Examples of psychopathological disorders
In the case of psychopathological disorders that develop during infancy, childhood or adolescence of an individual, we can establish that there are several typologies among which are:
- Mental retardation.
- Communication disorders (phonological, stuttering, etc.)
- Pervasive developmental disorders.
- Learning disorders.
- Tic disorders.
- Ingestion and eating behavior disorders.
In the case of the developmental disorders These include those that assume that the individual in question suffers from incapacitation at different levels. Within this category, for example, the autistic disorder stands out, which begins in childhood and translates into a series of disabilities in the psychological and behavioral areas.
The five senses are affected by abnormalities in the autistic people who, in addition, are characterized by being quiet, barely laugh, have limitations in terms of language and communication, and at a physical level they have a series of deficiencies in lateralization.
Likewise, within the psychopathological developmental disorders, there is also what is known as Rett disorder, which occurs in the female gender and that resembles autism to some extent.
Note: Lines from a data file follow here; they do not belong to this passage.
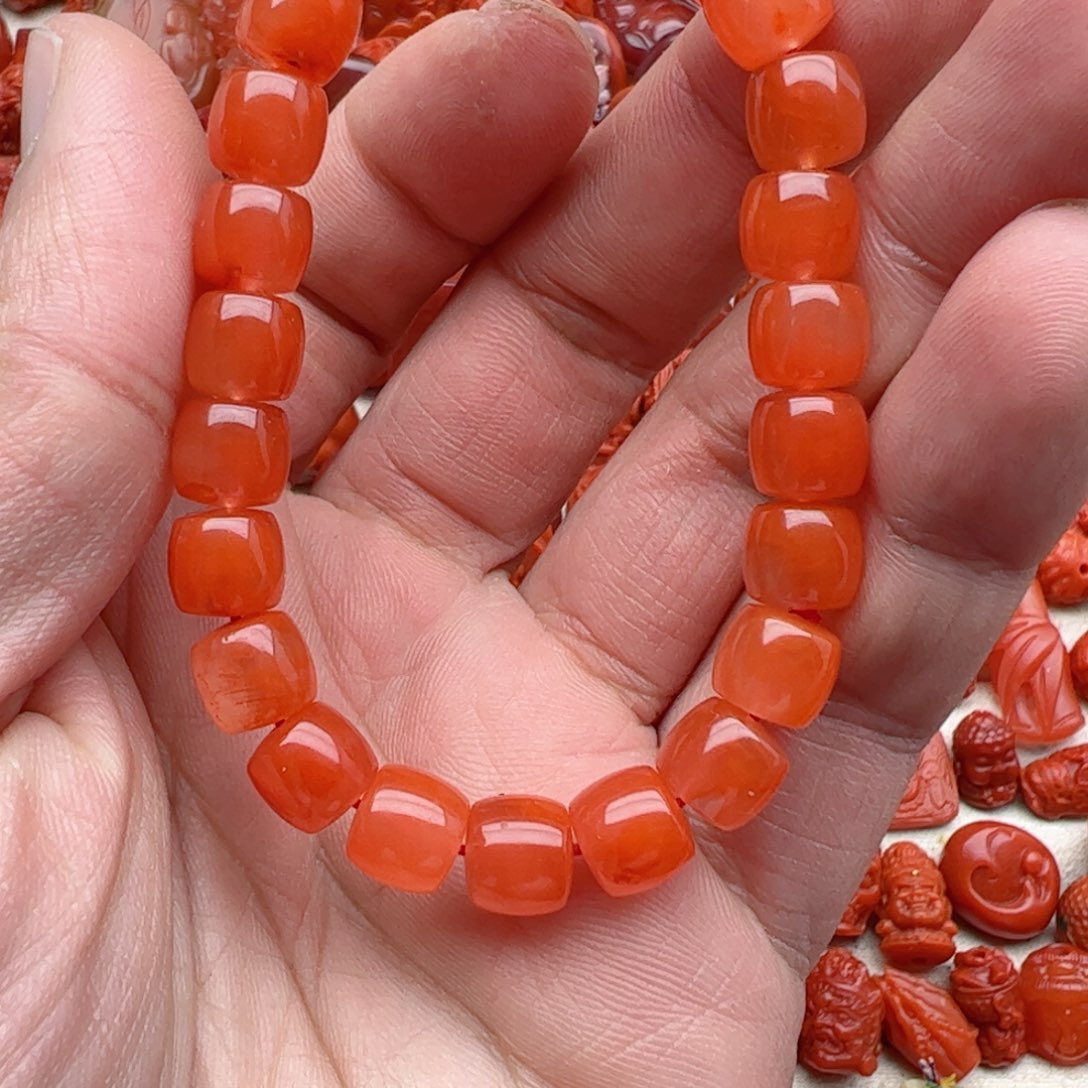 南红玛瑙配饰未镶嵌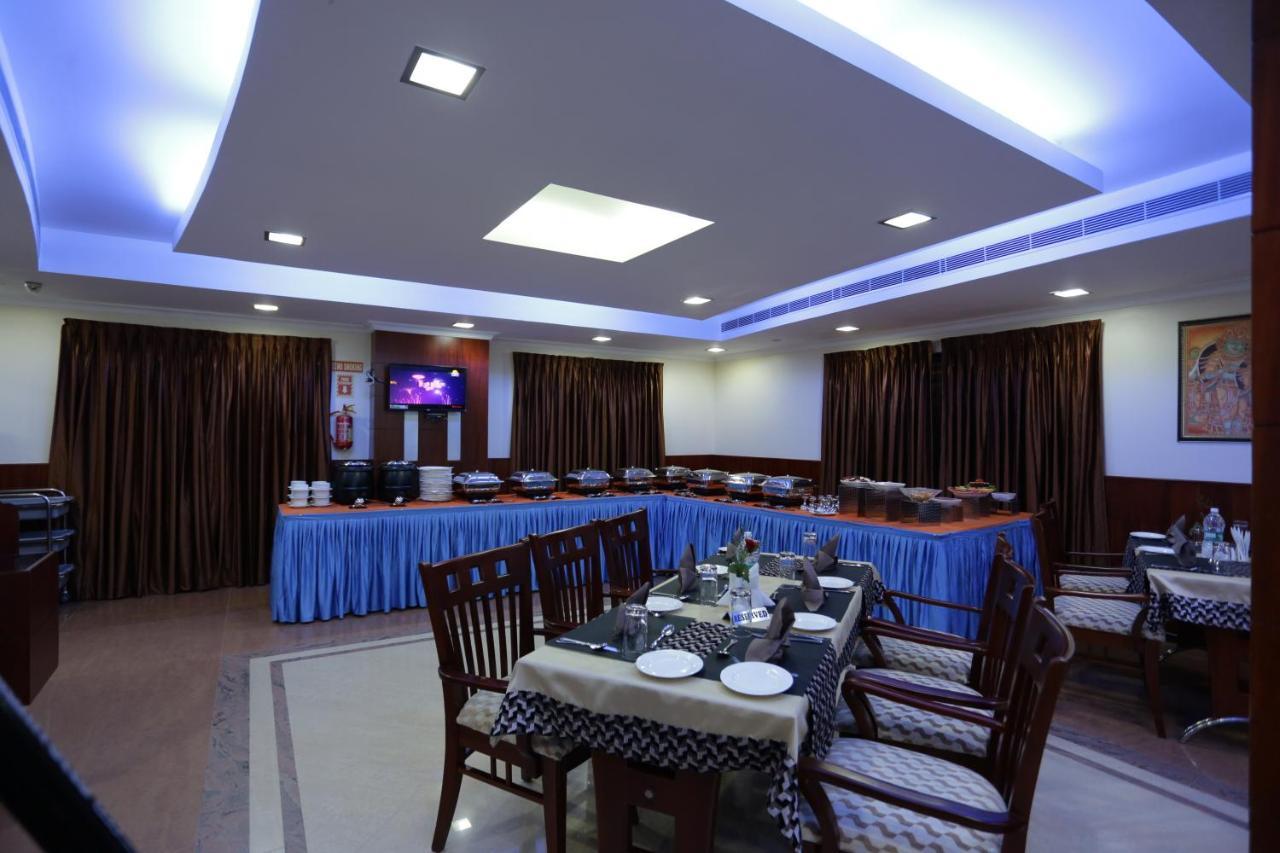 Hotel White City North Paravur Exteriér fotografie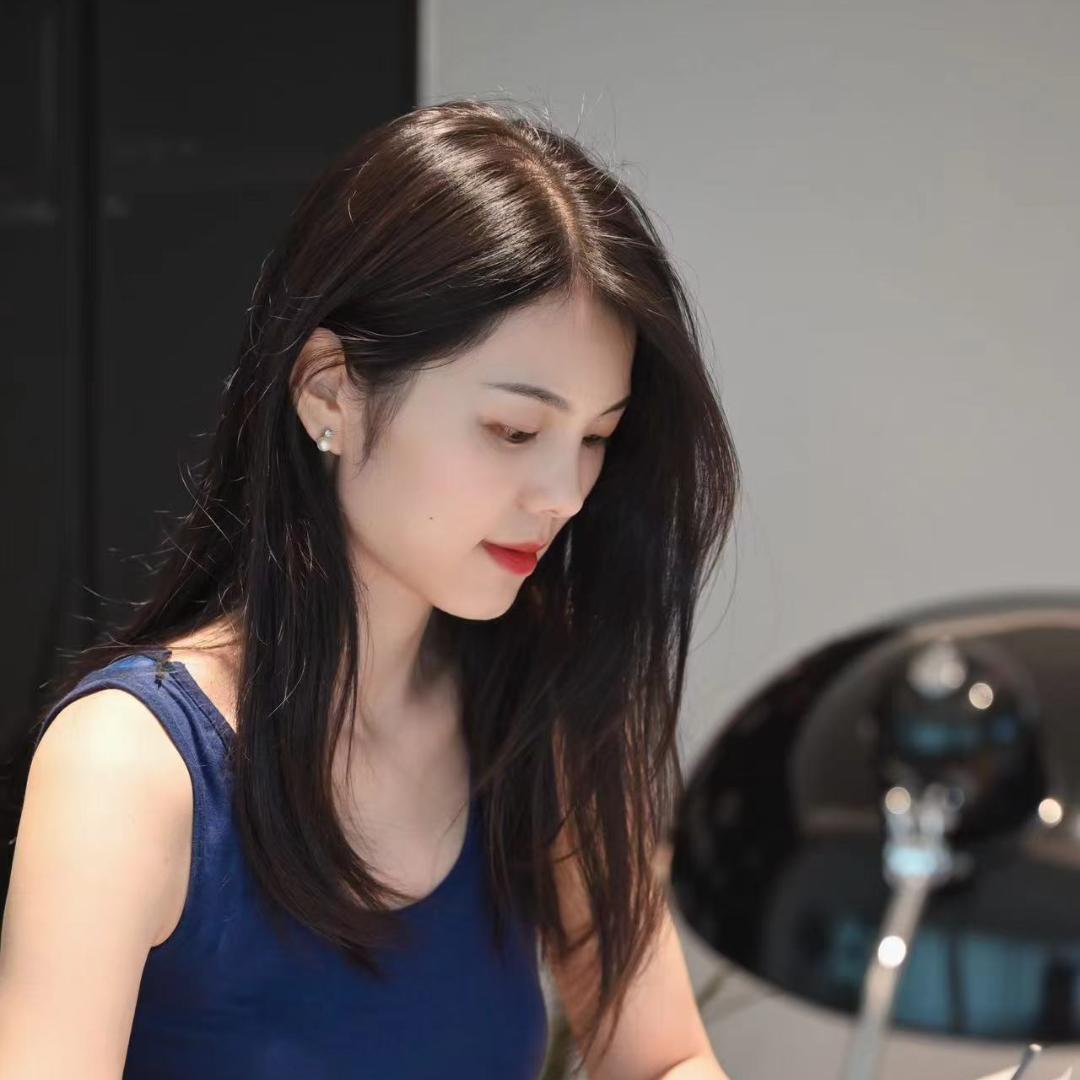 设计师蒂娜
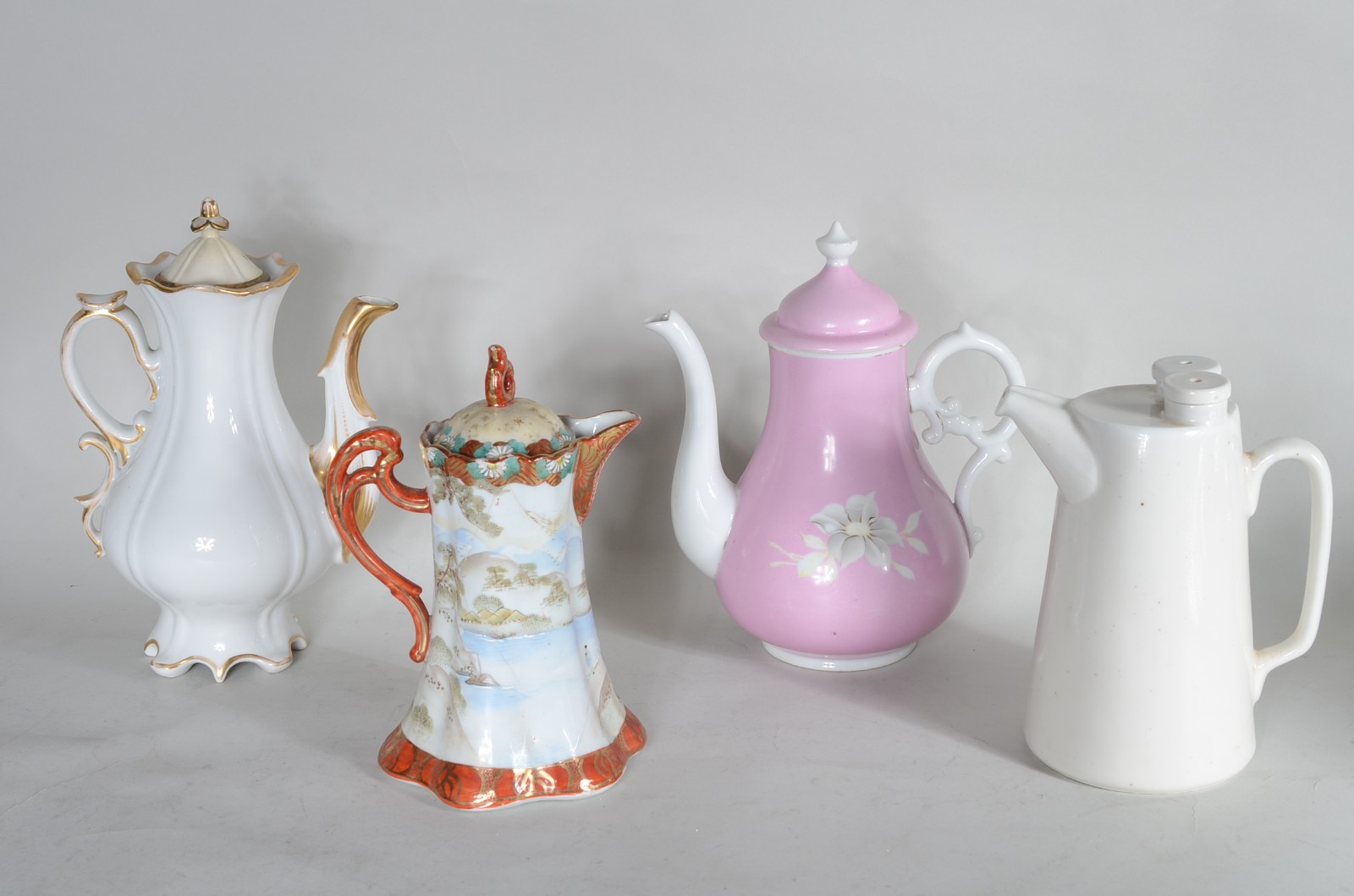 Quatro bules de porcelana de diversas procedências. Um com fio de... - foto 1 de 11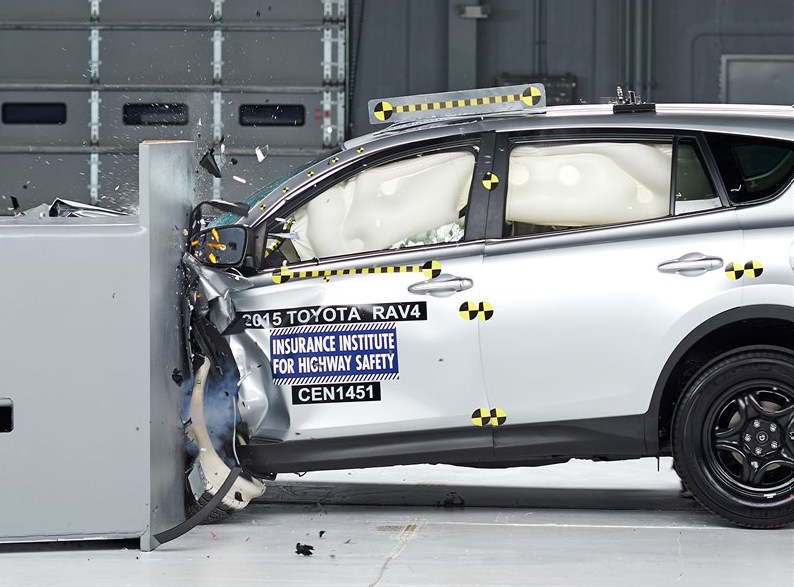 美國《IIHS》安全評選成績出爐 《Toyota & Lexus》共9款車獲最高評價成最大贏家 美國《IIHS》安全評選成績出爐 《Toyota & Lexus》共9款車獲最高評價成最大贏家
Mental retardation as well as a condition in motor coordination are the two hallmarks of patients with this syndrome, which means that they have a severe disability in many ways.
Finally, it is interesting to highlight that the behavioral model of psychopathology does not make differences between pathological behaviors and normal behaviors, since both are the result of learning conditioned by the environment or environment. Therefore, great importance is given to environmental influences rather than biological or genetic ones. Treatment in this model revolves around modifying both overt and inferred behavior.